▶ **Exercise**
Copy out the data below as written; omit any images.

# # # # # # #

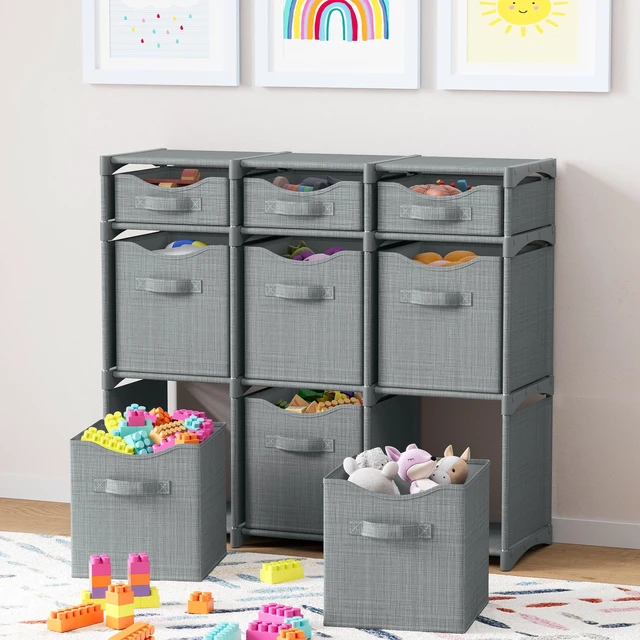 Alt view image 3 of 6 - Cube Storage Organizer with Storage Bins Included - The Perfect Closet Organizers and Storage Solution. Includes 9 Storage Cubes, Great For Toy Storage, Closet Storage, Clothes Storage (Grey)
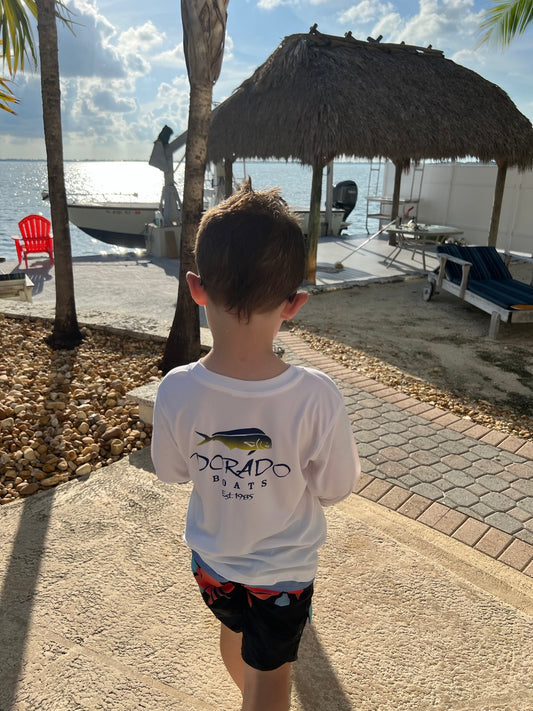 Youth White Long Sleeve Microfiber Performance Shirt with SPF 30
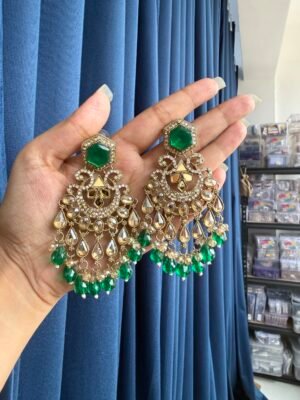 Sonal Premium Chandbali Earrings – Dark Green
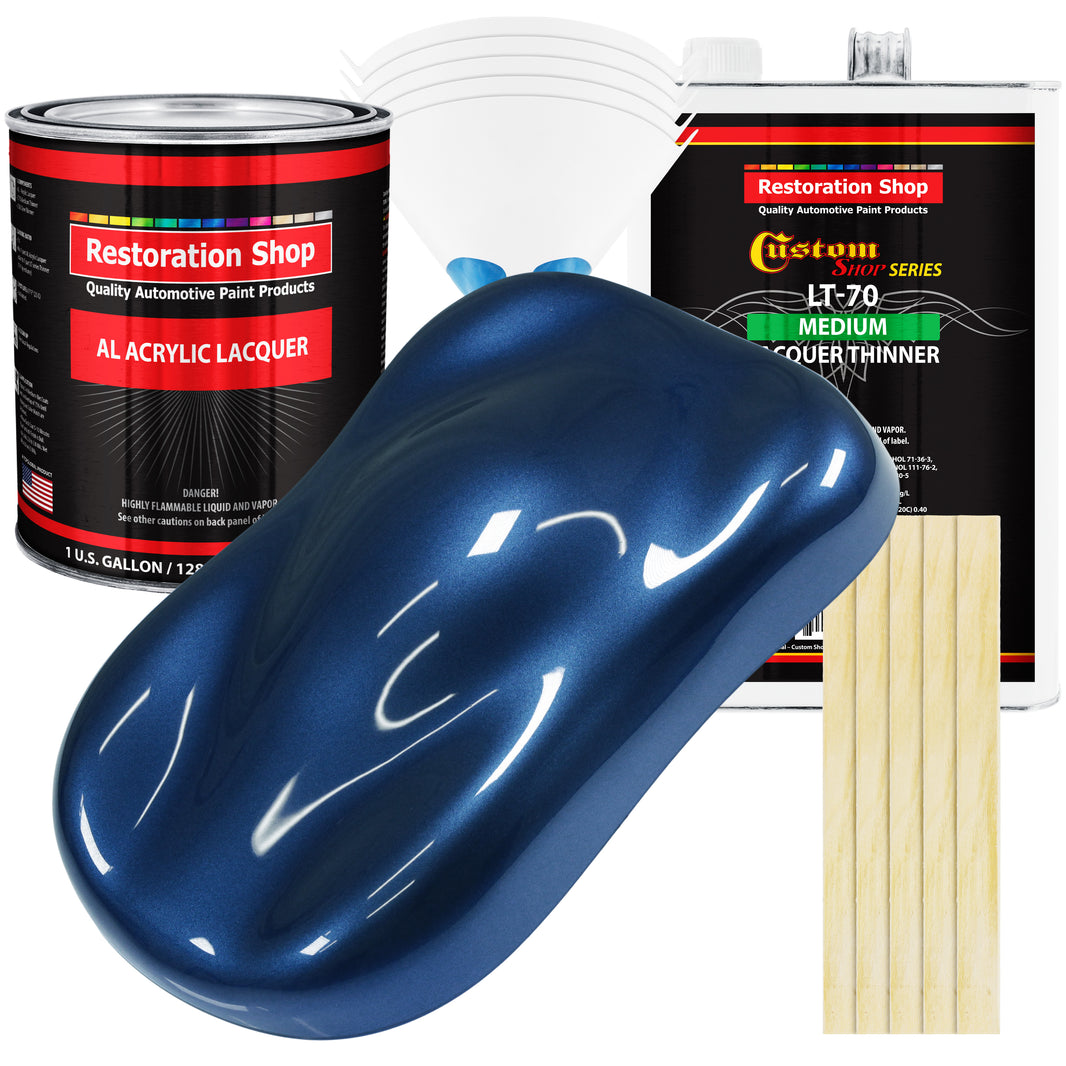 Sapphire Blue Metallic - Acrylic Lacquer Auto Paint - Complete Gallon Paint Kit with Medium Thinner - Pro Automotive Car Truck Guitar Refinish Coating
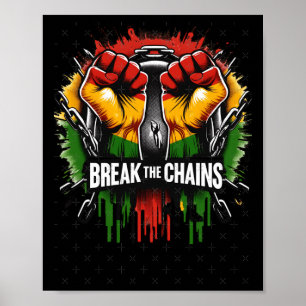 Juneteenth Breek de Ketens Zwarte Geschiedenis Poster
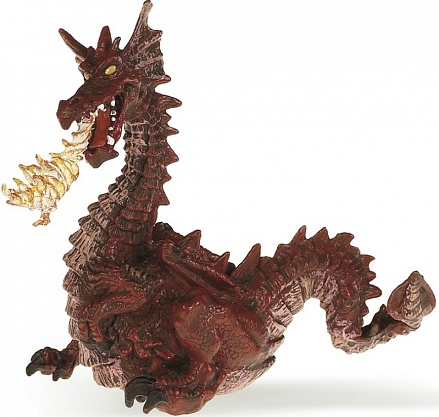 Игровая фигурка - Красный дракон с пламенем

# # # # # # #

▶ **Written answer**
 Alt view image 3 of 6 - Cube Storage Organizer with Storage Bins Included - The Perfect Closet Organizers and Storage Solution. Includes 9 Storage Cubes, Great For Toy Storage, Closet Storage, Clothes Storage (Grey)
 Youth White Long Sleeve Microfiber Performance Shirt with SPF 30
 Sonal Premium Chandbali Earrings – Dark Green
 Sapphire Blue Metallic - Acrylic Lacquer Auto Paint - Complete Gallon Paint Kit with Medium Thinner - Pro Automotive Car Truck Guitar Refinish Coating
 Juneteenth Breek de Ketens Zwarte Geschiedenis Poster
 Игровая фигурка - Красный дракон с пламенем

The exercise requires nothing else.